- TASK STATEMENT
The required result is an exact copy of every line from the one with "Villeroy & Boch" through the last line below, with the pictures left out.

- COLLECTED DATA
::::::::
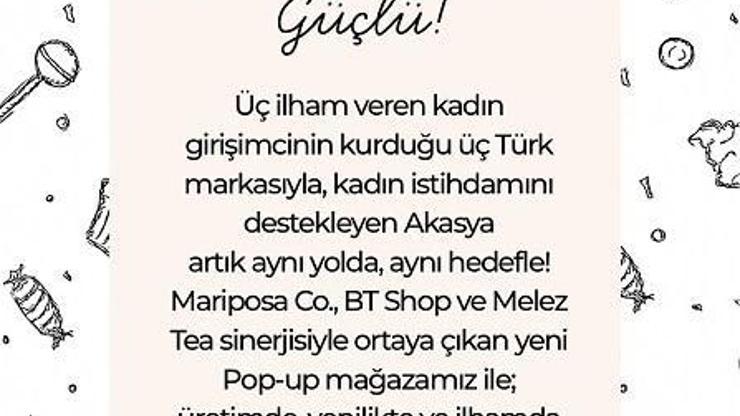 Akasya’dan kadın girişimciler ile iş birliği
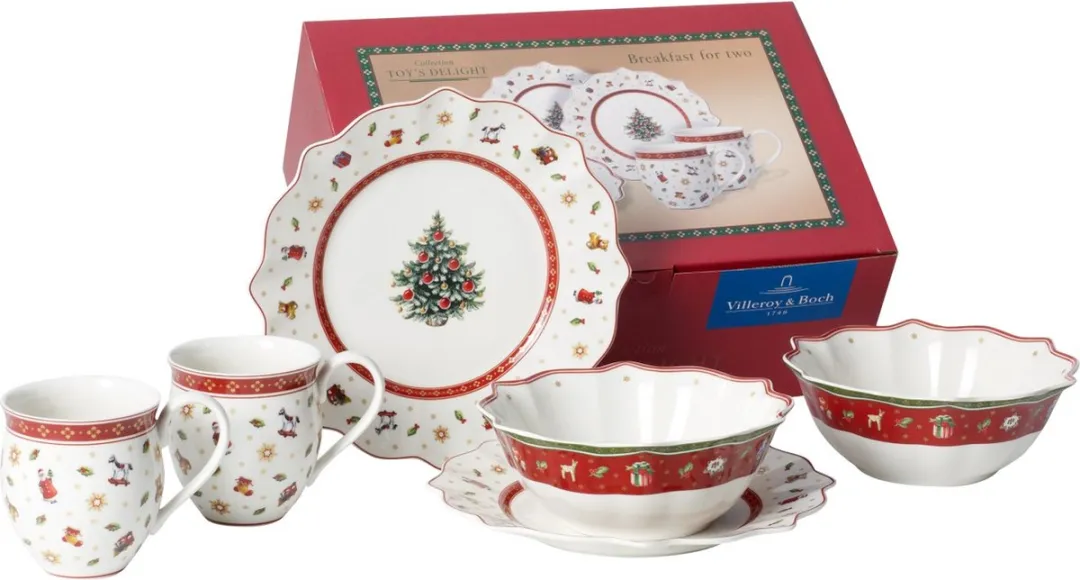 Villeroy & Boch Toy's Delight Ontbijtset voor 2 - 6 delig - Wit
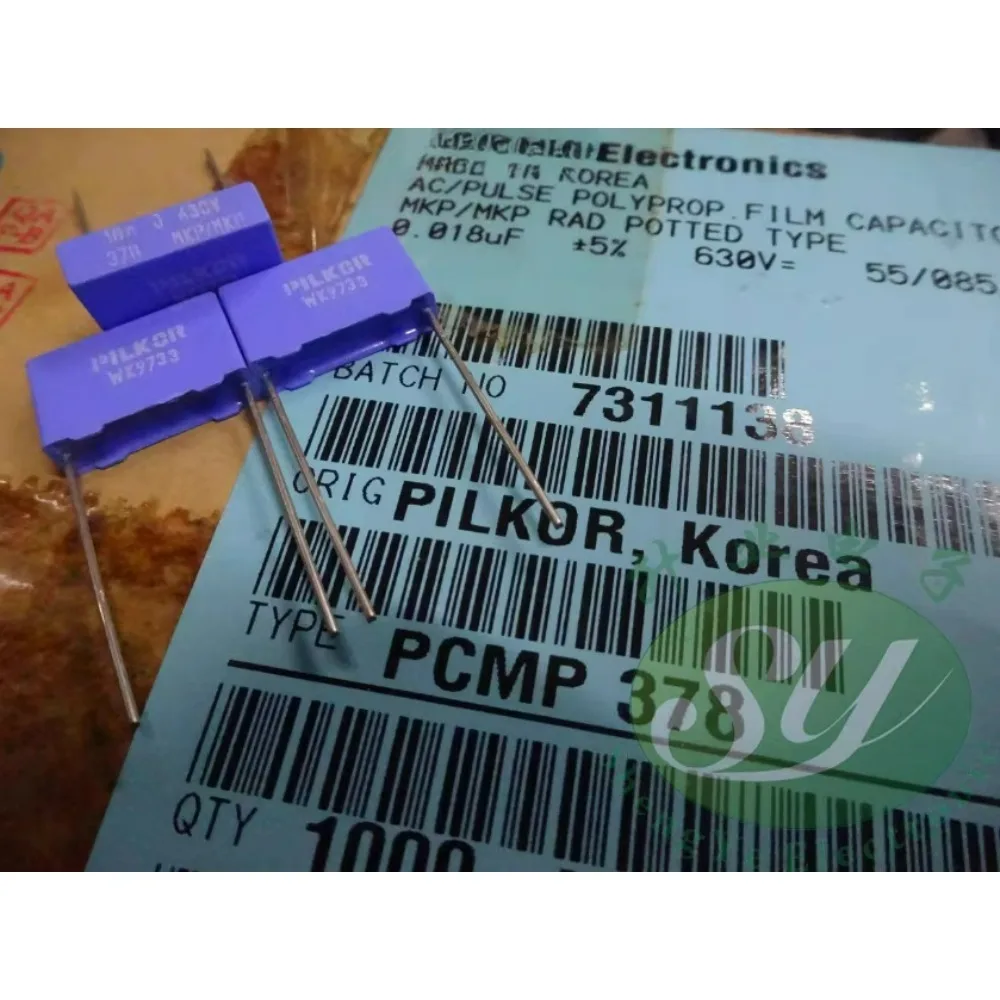 

20PCS MKP378 0.018uf/630v 18nf 183 brand new film capacitor 15mm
::::::::
- REPLY
 Villeroy & Boch Toy's Delight Ontbijtset voor 2 - 6 delig - Wit

20PCS MKP378 0.018uf/630v 18nf 183 brand new film capacitor 15mm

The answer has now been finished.